**PROVIDED RECORDS:**
★ ★ ★ ★ ★

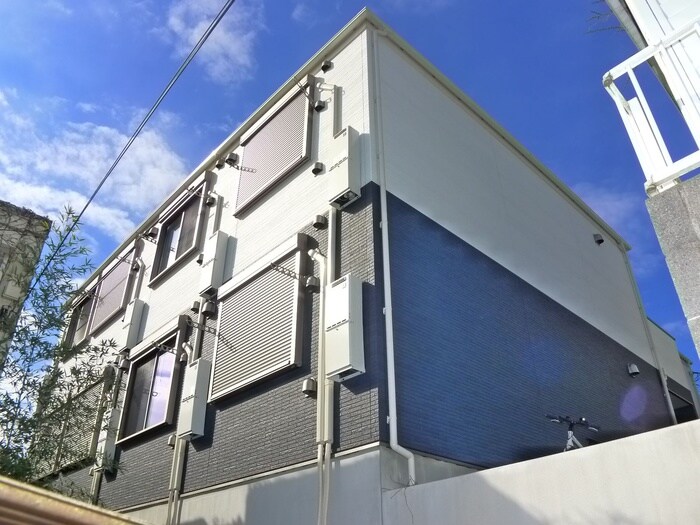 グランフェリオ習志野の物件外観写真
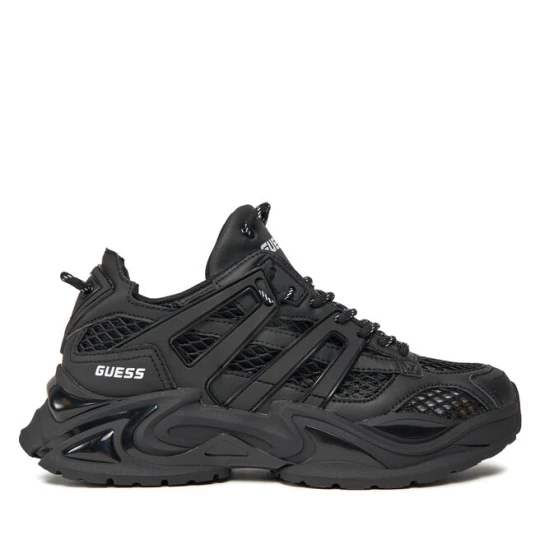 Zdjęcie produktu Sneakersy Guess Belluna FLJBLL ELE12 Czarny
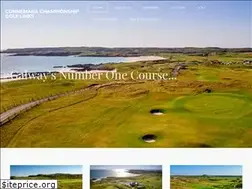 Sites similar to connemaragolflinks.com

★ ★ ★ ★ ★

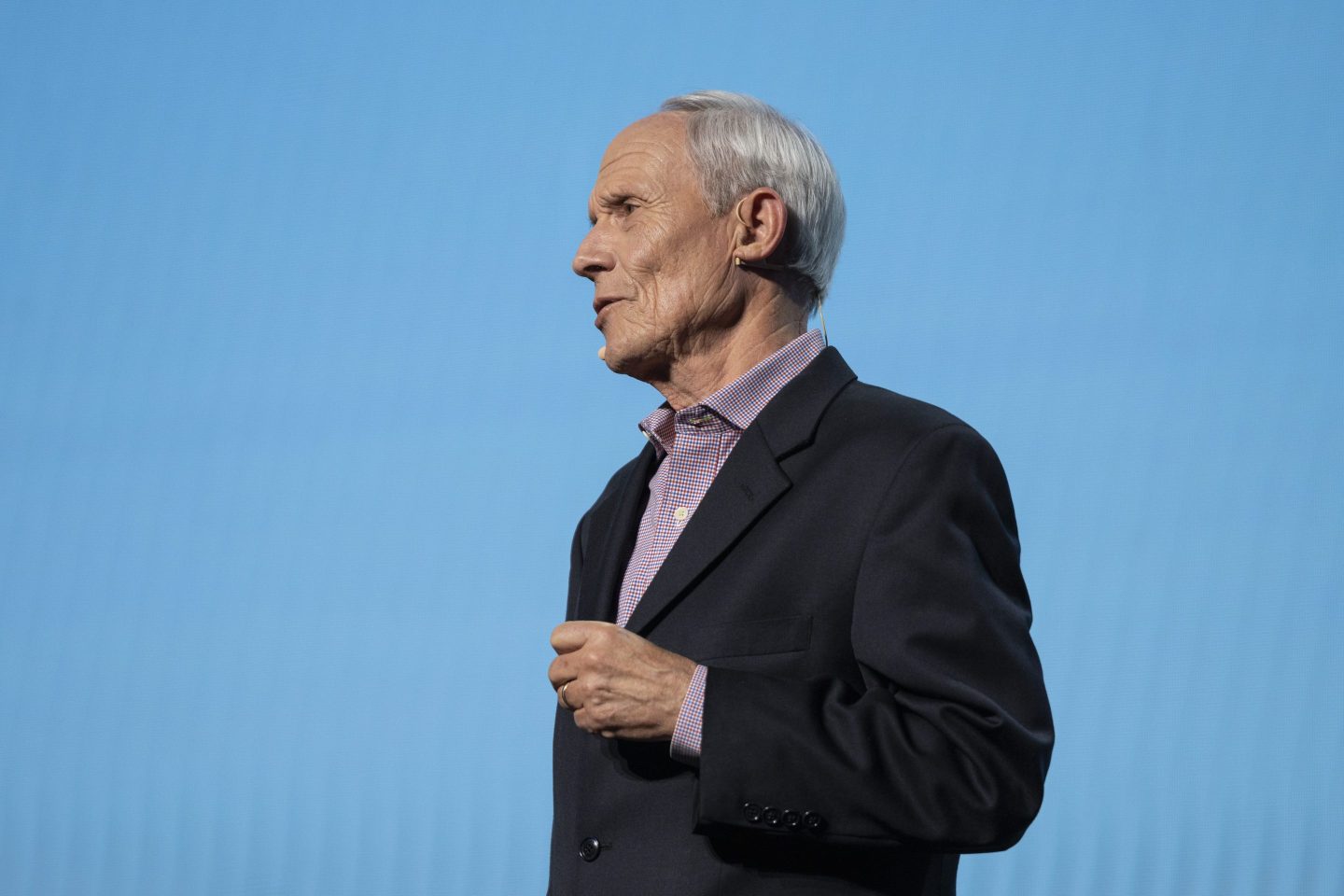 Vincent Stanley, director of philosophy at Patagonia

★ ★ ★ ★ ★

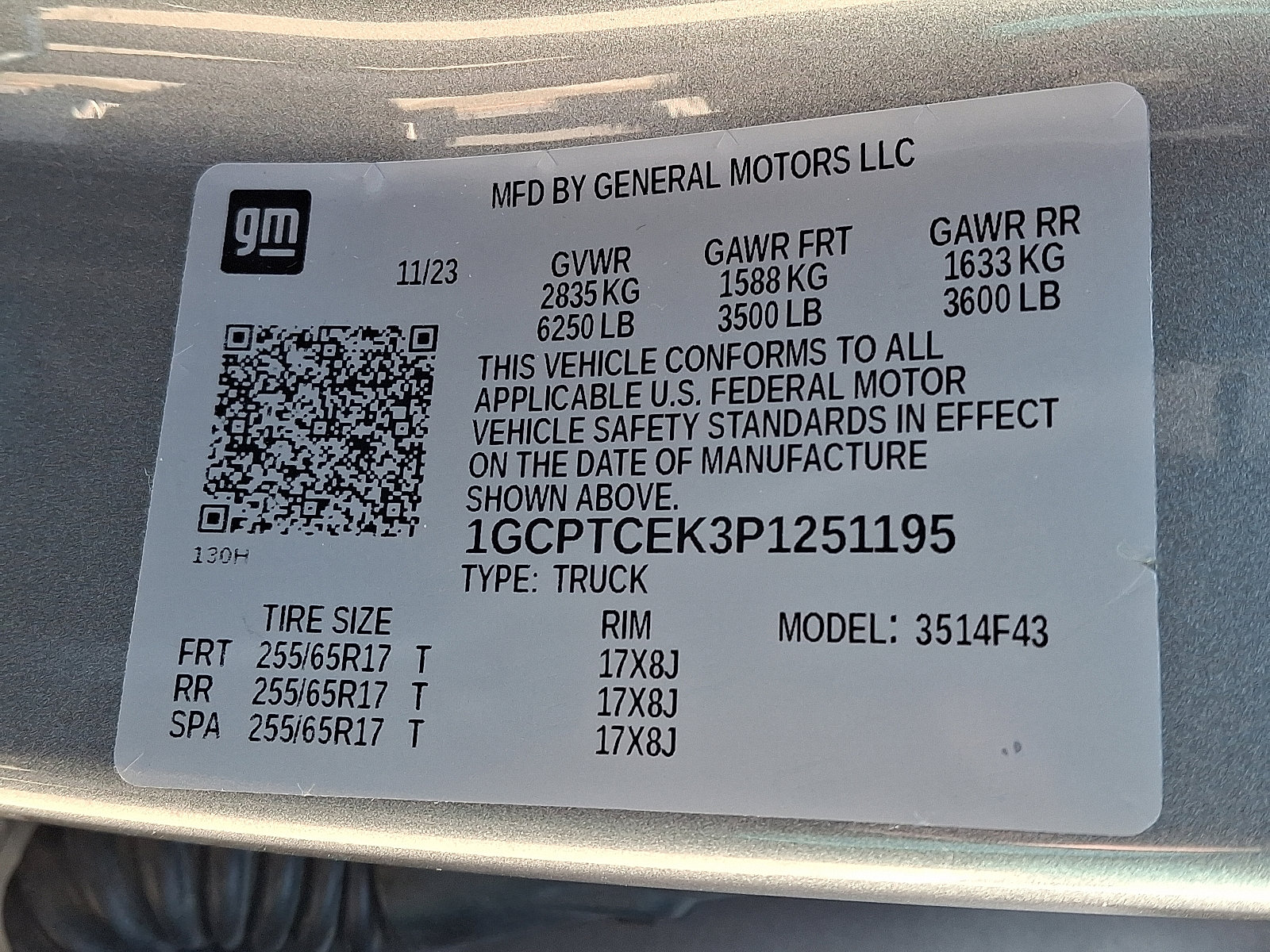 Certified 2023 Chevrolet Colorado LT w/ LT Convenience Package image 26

★ ★ ★ ★ ★

Copy only this from above: the line containing "グランフェリオ習志野の物件外観写真", the line containing "Sites similar to connemaragolflinks.com", and all lines between, printed exactly. Leave out the pictures.

**ANSWER:**
 グランフェリオ習志野の物件外観写真
 Zdjęcie produktu Sneakersy Guess Belluna FLJBLL ELE12 Czarny
 Sites similar to connemaragolflinks.com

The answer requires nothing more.